- [What you should do] Copy the data exactly as it appears, and do not include any pictures.

- [Supplied data]
BEGIN

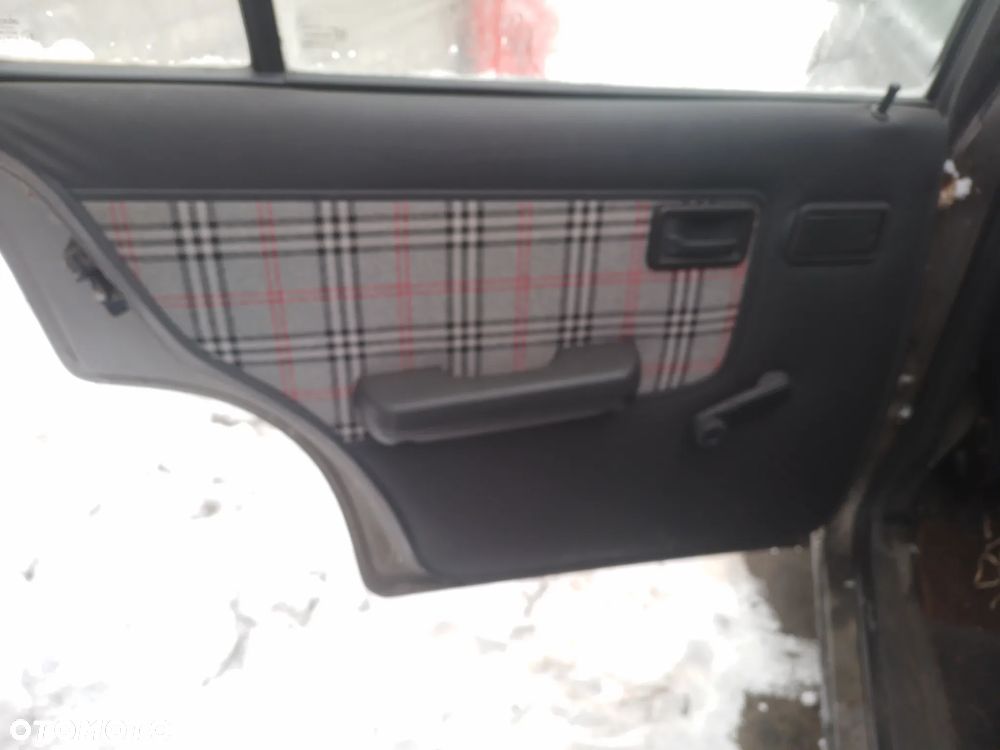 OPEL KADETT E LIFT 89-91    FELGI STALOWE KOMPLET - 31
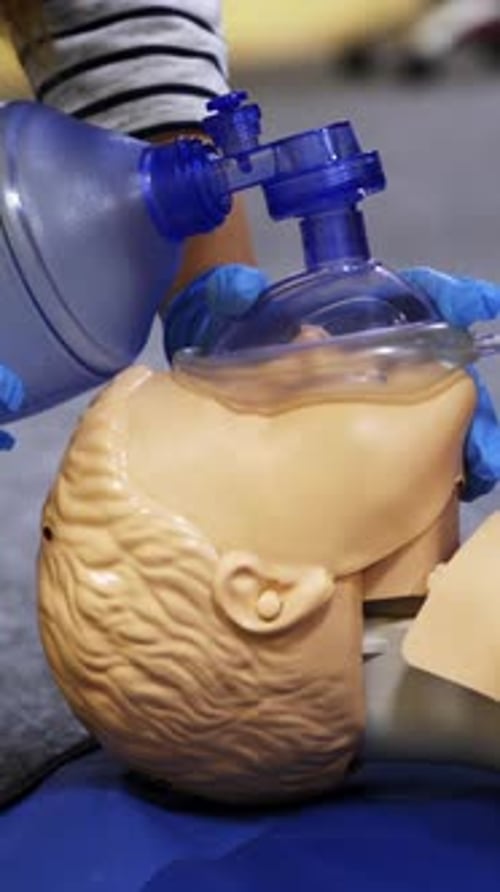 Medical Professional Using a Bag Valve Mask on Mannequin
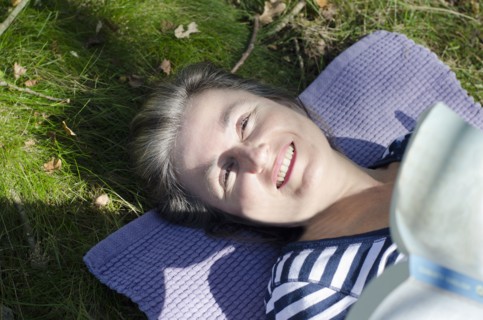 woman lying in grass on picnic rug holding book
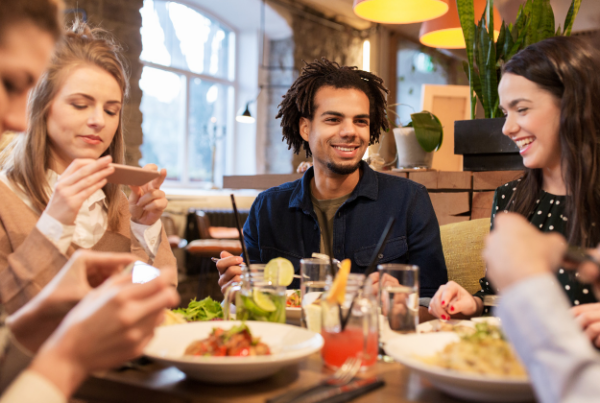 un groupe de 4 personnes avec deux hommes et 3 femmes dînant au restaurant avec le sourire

END

- [Solution]
 OPEL KADETT E LIFT 89-91    FELGI STALOWE KOMPLET - 31
 Medical Professional Using a Bag Valve Mask on Mannequin
 woman lying in grass on picnic rug holding book
 un groupe de 4 personnes avec deux hommes et 3 femmes dînant au restaurant avec le sourire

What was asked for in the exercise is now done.